Iran's access to cash has been bolstered by the Biden administration's lax enforcement of sanctions on the country's illicit oil trade, which has increased to record levels amid a buying spree from China, the number-one importer of illegal Iranian crude oil. While Tehran's oil sector is still sanctioned by the United States, experts told the Washington Free Beacon last week that the Biden administration has turned a blind eye to Tehran's exports, enabling countries such as China, Russia, and Syria to provide the hardline regime a financial lifeline.

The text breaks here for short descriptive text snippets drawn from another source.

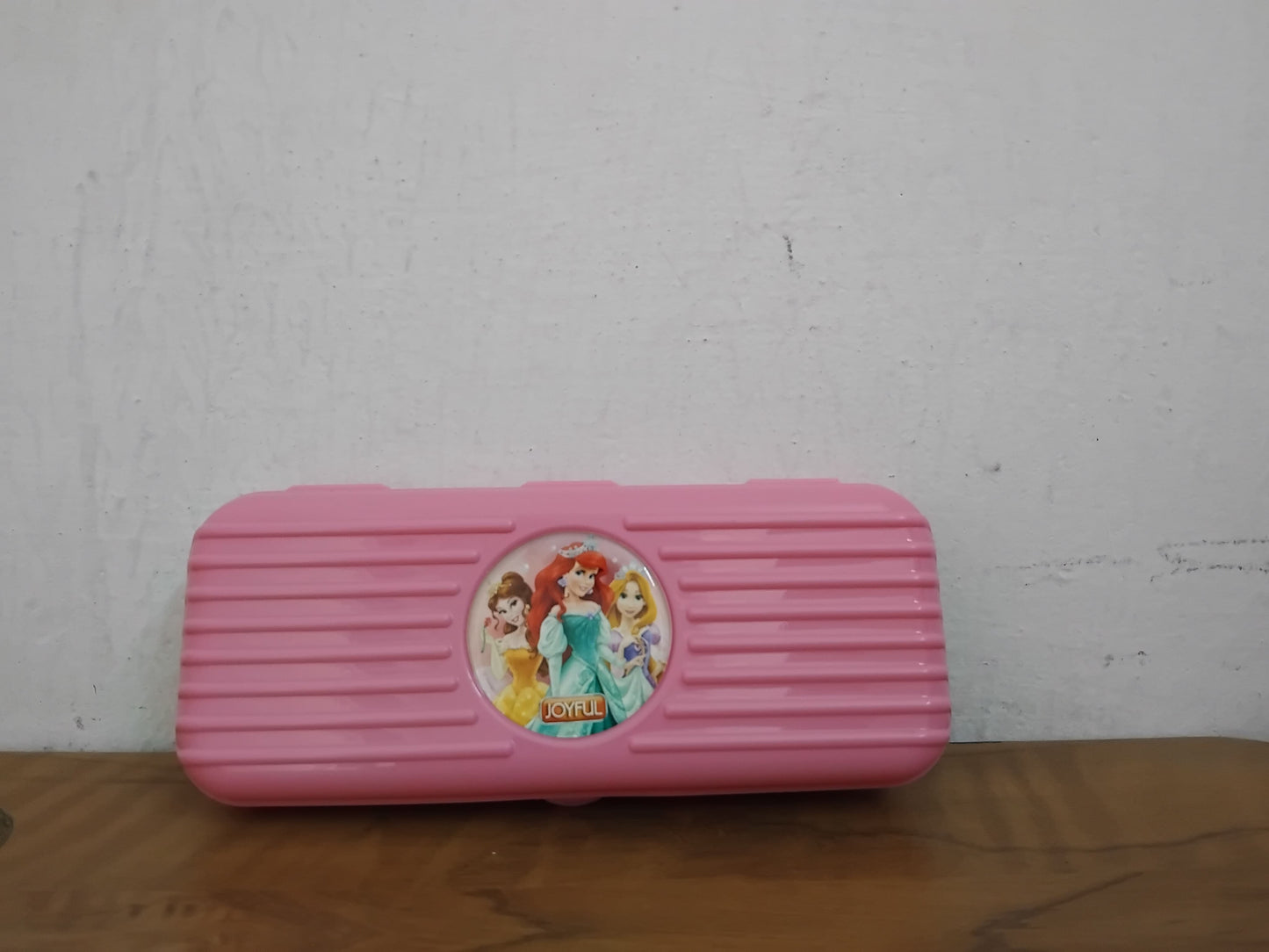 AM3274 Joyful School Line Big Campass Box Color Availablity As Per Design Stock Plastic Campass Box 1 Piece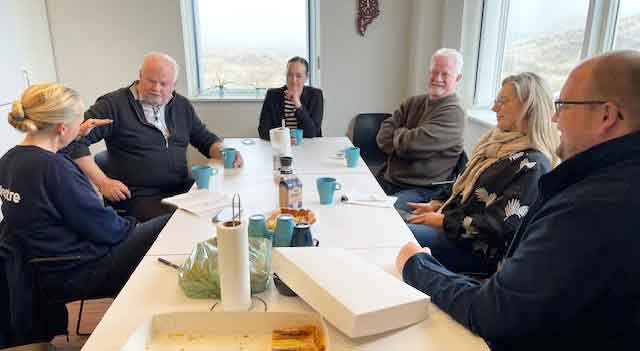 Over kaffe på Nordhavnsvej satte formand for Sydvestjysk Fiskeriforening, Thomas Rahbek Sloth, sammen med Vestværftets administrerende direktør Michael Boel Olesen fokus på de udfordringer, som fiskeriet og de maritime erhverv møder i hverdagen. foto: Fiskerforum.dk 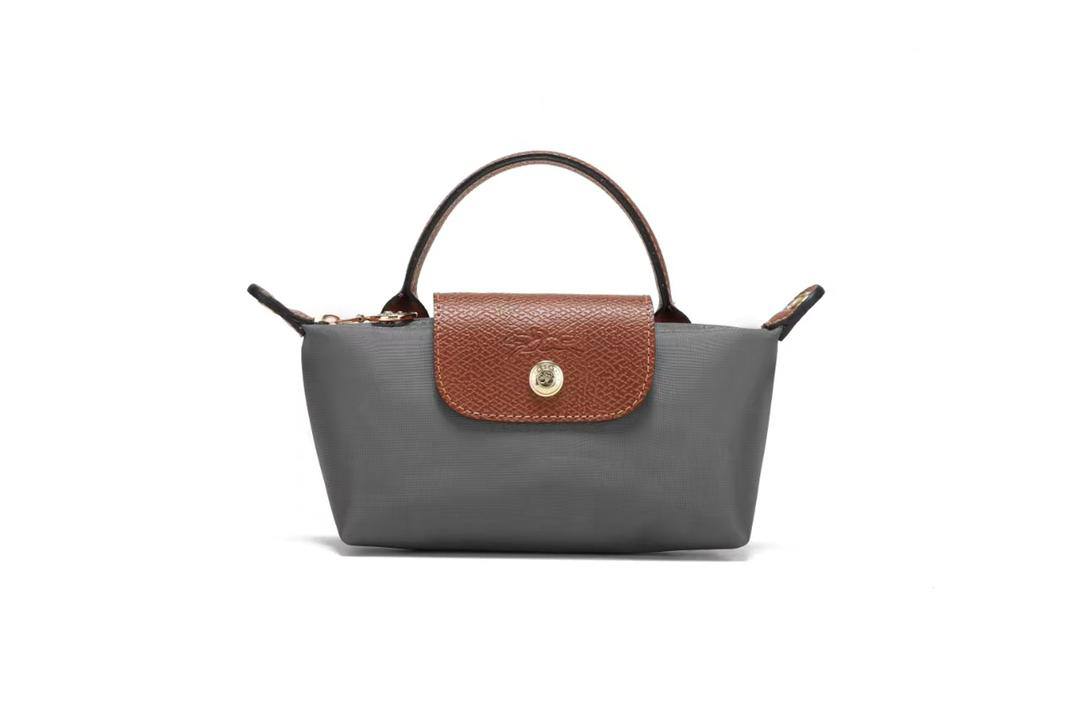 Long champ 

mini
Size: 17cm
45 dhs💓

Zain50
♥️♥️♥️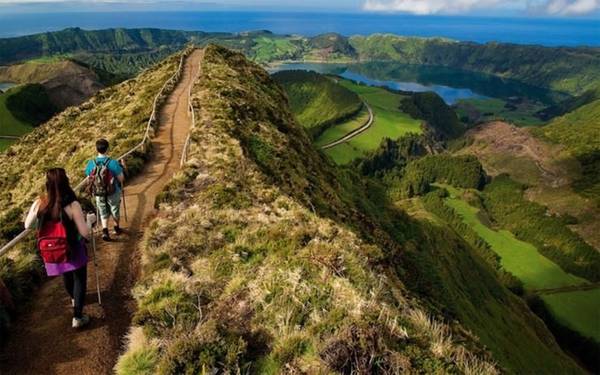 cung đường azores, cung đường pipiwai, du lịch bụi, du lịch hawaii, phượt, 10 con đường mòn trên núi đẹp nhất thế giới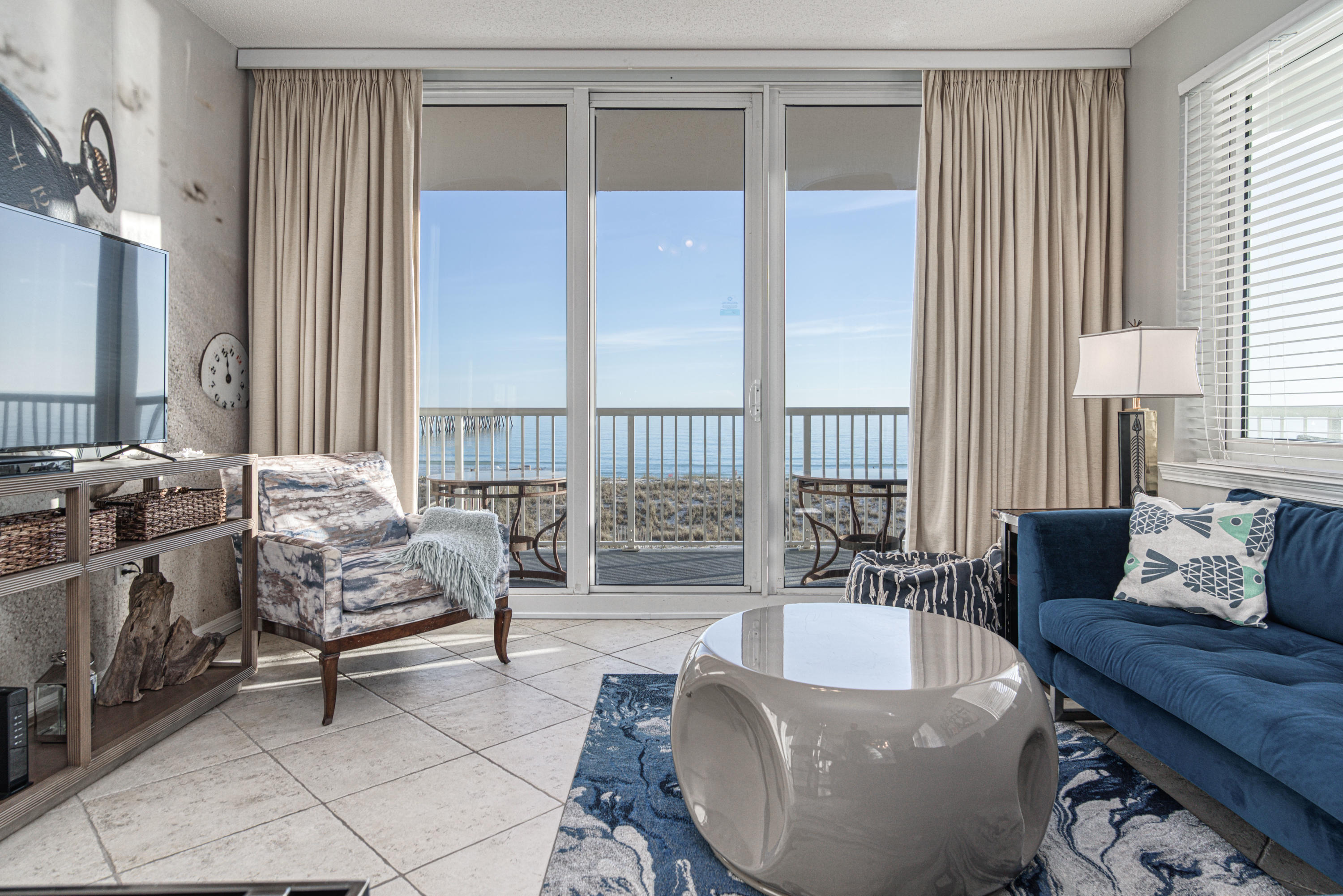 SUMMERWIND CONDOS - Residential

The IMF's projections are the clearest sign to date that the Biden administration is serious about helping Iran's hardline regime claw back from the brink of economic collapse. Republican leaders in Congress, who are widely critical of the Biden administration's approach to diplomacy with Iran, maintain that the further removal of sanctions will embolden the ruling regime and help it fund terrorist groups across the Middle East, including those responsible for conducting a drone strike late last month on a U.S. military outpost in Syria.

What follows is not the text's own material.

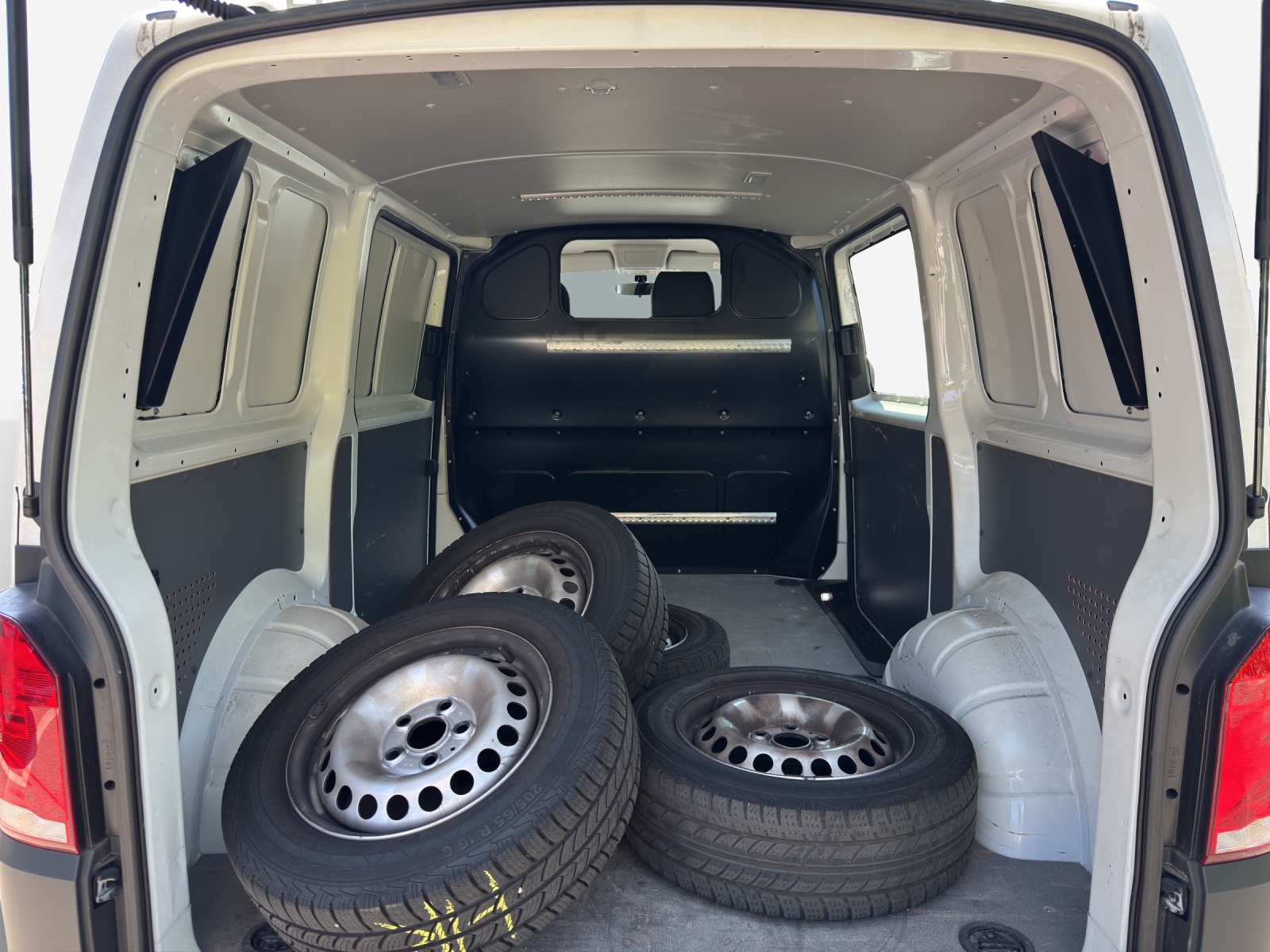 VW T6.1 2.0 TDI-image-13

Gabriel Noronha, a former State Department special adviser for Iran under Secretary of State Mike Pompeo, said the Biden administration gave up U.S. leverage on Iran by unwinding sanctions before it extracted assurances from Tehran that Iran will stop its nuclear buildup and end its support for terrorism.

"At the end of the Maximum Pressure Campaign in January 2021, Iran was facing a simultaneous debt, inflation, unemployment, and balance of payments crisis caused by massive U.S. economic pressure," Noronha, the executive director of the Forum for American Leadership, a national security think tank, told the Free Beacon. "Now the regime is making tens of billions in unsanctioned oil sales with China while Biden's Treasury Department looks the other way and even supported the IMF giving Iran a $5 billion currency bailout."

"Instead of getting a better deal or depriving the regime of funds for its nuclear program and terrorism," Noronha said, "the Biden administration has obtained zero concessions from the regime in its 10 months of appeasement.

Data from Iran's budget and planning offices showed the country's debt would increase more than 2,000 percent by 2027, from $68 billion to $1.39 trillion, if U.S. sanctions remained in place. If sanctions are unwound, however, Iran will only be around $561 billion in debt by 2027. It was also projected that the Iranian rial—which is already almost worth nothing—would devalue by 10 times the current amount by 2027 if sanctions are not removed.

This is primarily why Iran is pressuring the Biden administration to unwind sanctions before it agrees to a revamped version of the nuclear deal. It remains unclear, however, how long any sanctions relief will remain in place. Republicans in Congress have vowed to immediately trash any deal that is reached between the United States and Iran once Democrats are out of office.

Iran appears to be aware of this possible outcome. Ali Shamkhani, the secretary of Iran's Supreme National Security Council, a ruling body that holds power over the country's policies, said last week that "the U.S. president has no authority [and] is not willing to provide any guarantees [the United States will not leave the nuclear deal again]," according to comments cited in the country's state-controlled press.